Much of the story is told by Bianca who uses arts and crafts to build the various worlds she plays in. This new perspective saw the Animal Logic team having to merge the LEGO world with a very messy, tactile, crafty world. The Systar System was Bianca’s creation, a handmade world with lots and lots of glitter. “The Spa has strips of holographic glitter in the walls and along the ground which gave the sets not only a crafty feel but also a 3D illusion,” explains Art Director, Kristen Anderson. “We wanted to extend that feeling to the characters too, so we added glitter to Sweet Mayhem’s wings and Balthazar’s cape. I think there’s stats somewhere of how many individual pieces of glitter were hand placed on the character’s costumes!” She was right, we counted them – Balthazar’s cape: 3,993 pieces and Sweet Mayhem’s wings: 835 pieces.
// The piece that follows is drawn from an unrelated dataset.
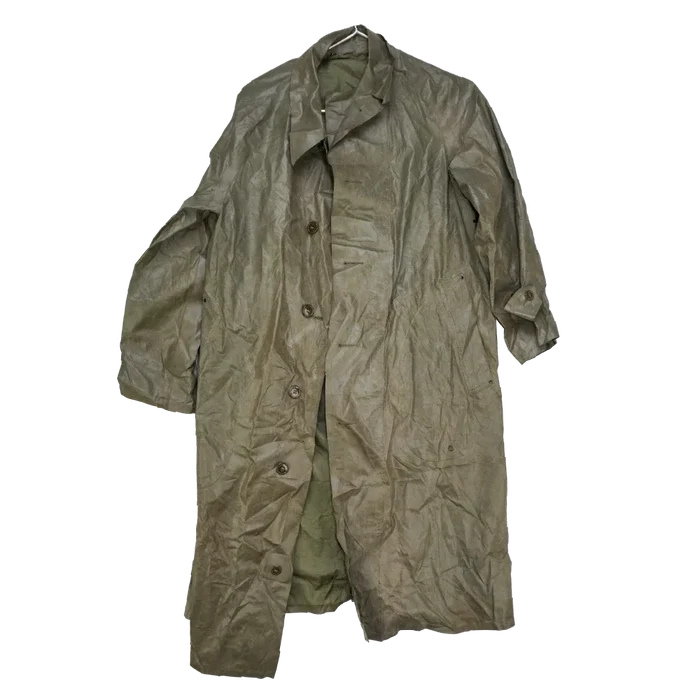 US WWII Dismounted Olive Rain Coat - Small - US Army Surplus - Rain Jackets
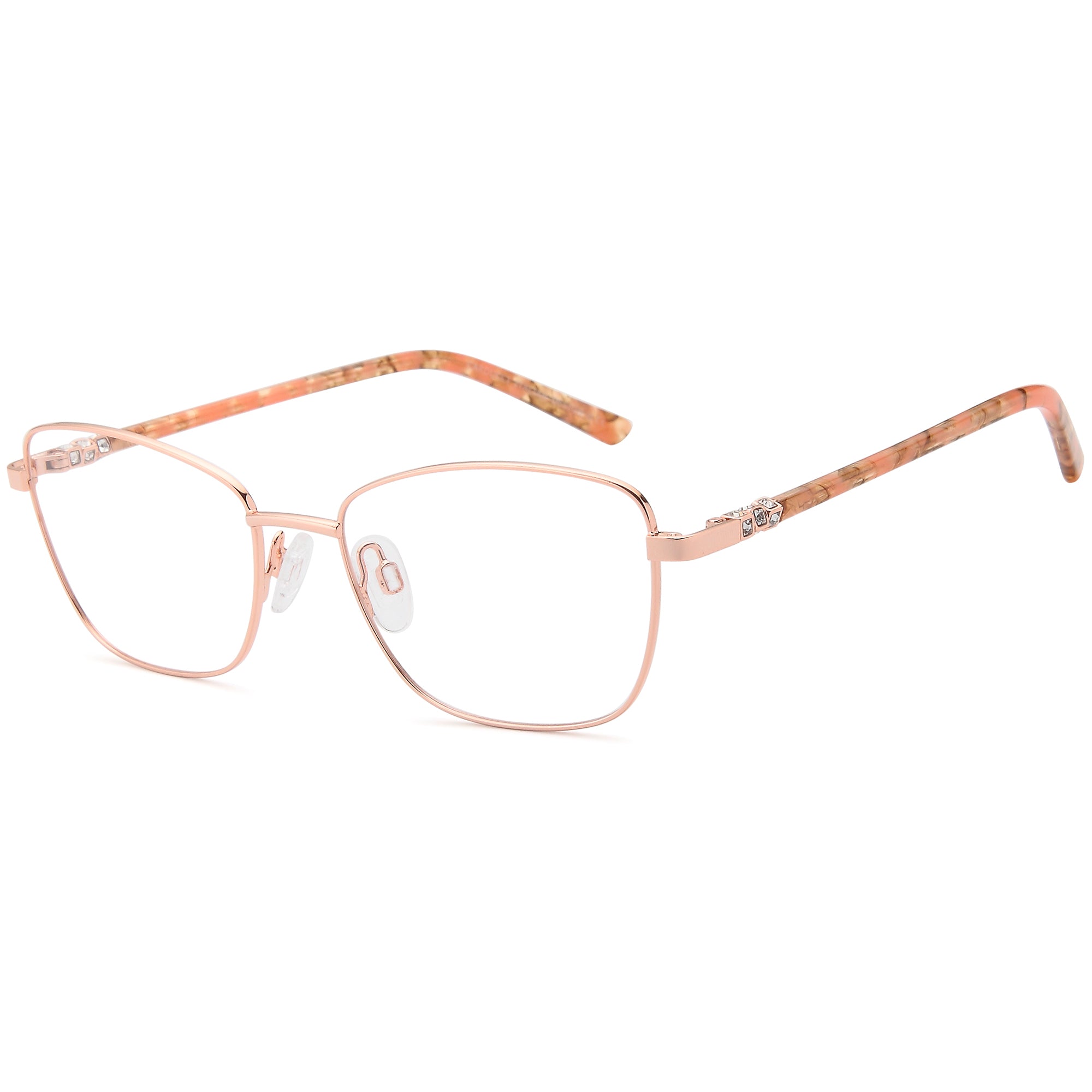 Carducci CD7187 Rose Gold Metal Glasses – Women Full Rim Eyewear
Incorporating mixed media into the film took a number of departments and teams to execute, including CG Supervisors Emmanuel Blasset and John Rix. Introducing glitter into the sets and characters required a lot of testing to achieve the final look. “In the real world, individual glitter pieces are tiny but in the macro LEGO world, with every detail visible on a theatre screen, we had to work hard on the look of glitter, how it responded to the light and how they work in a complex environment,” explains Blasset. “We wanted glitter to be distributed on the surface, as if it was sprinkled there by Bianca.”
This tactile, playful approach extended to other sets, including the seemingly perfect Harmony Town. Designed to represent Bianca’s ideal world, Harmony Town pays homage to the classic LEGO town, complete with a 2D cut out of the sun and the moon.
Weave, Animal Logic’s proprietary tool, was extended for this film to cater for the extensive use of fabric. Fabric was used to represent water, adding another layer to the handmade, arty feel. In fact, the largest piece of fabric featured in the movie was the water when Sweet Mayhem’s Formidaball Starship arrives at the Queen’s palace – 39 feet of fabric!
Production Designer, Patrick Hanenberger, used the film’s colour script to highlight Emmet’s journey. “If you split the colour wheel into two equal halves, you get cool colours (green, blue, cyan) and warm colours (orange, yellow, purple),” explains Hanenberger. “These two halves represent the inner conflict of Emmet (as he is played with by the brother vs. the sister). The production design of the film uses this philosophy to visually underline the relationship of Finn with his sister Bianca. You can see this approach to the design visualised very clearly at the end of the pyramid ceremony, where the world is warm and glowing before Emmet’s punch and turns cool and stark right after the punch.”
Apocalypseburg had been gathering dust for 5 years and the crew at Animal Logic needed to make it feel weathered and neglected. Artists used proprietary software, Spawn on Set, to create a realistic wasteland. “We extended our procedural instancer technology to allow us to sprinkle individual grains of sand, dust and dirt across the sets and characters. We used algorithms to allow dust particles to bunch up more when it got to corners and sparse in open area,” said Blasset. (We counted the sand – 49,496,833 grains in Apocalypseburg!)
The most exciting and challenging character was Queen Watevra Wa’Nabi, who changed into 40 unique shapes throughout the film. This complexity meant that the rigging teams had to develop a new approach to existing tech to make it easier for the animators to play with different shapes when animating her. Designing The Queen’s rig took about a year and a half explains Rigging Supervisor Hans Heymans. “If you look at any rig from previous LEGO movies, though they are complex, they always follow a certain standard whereas The Queen is more organic. She is essentially a heap of bricks. How do you rig that?”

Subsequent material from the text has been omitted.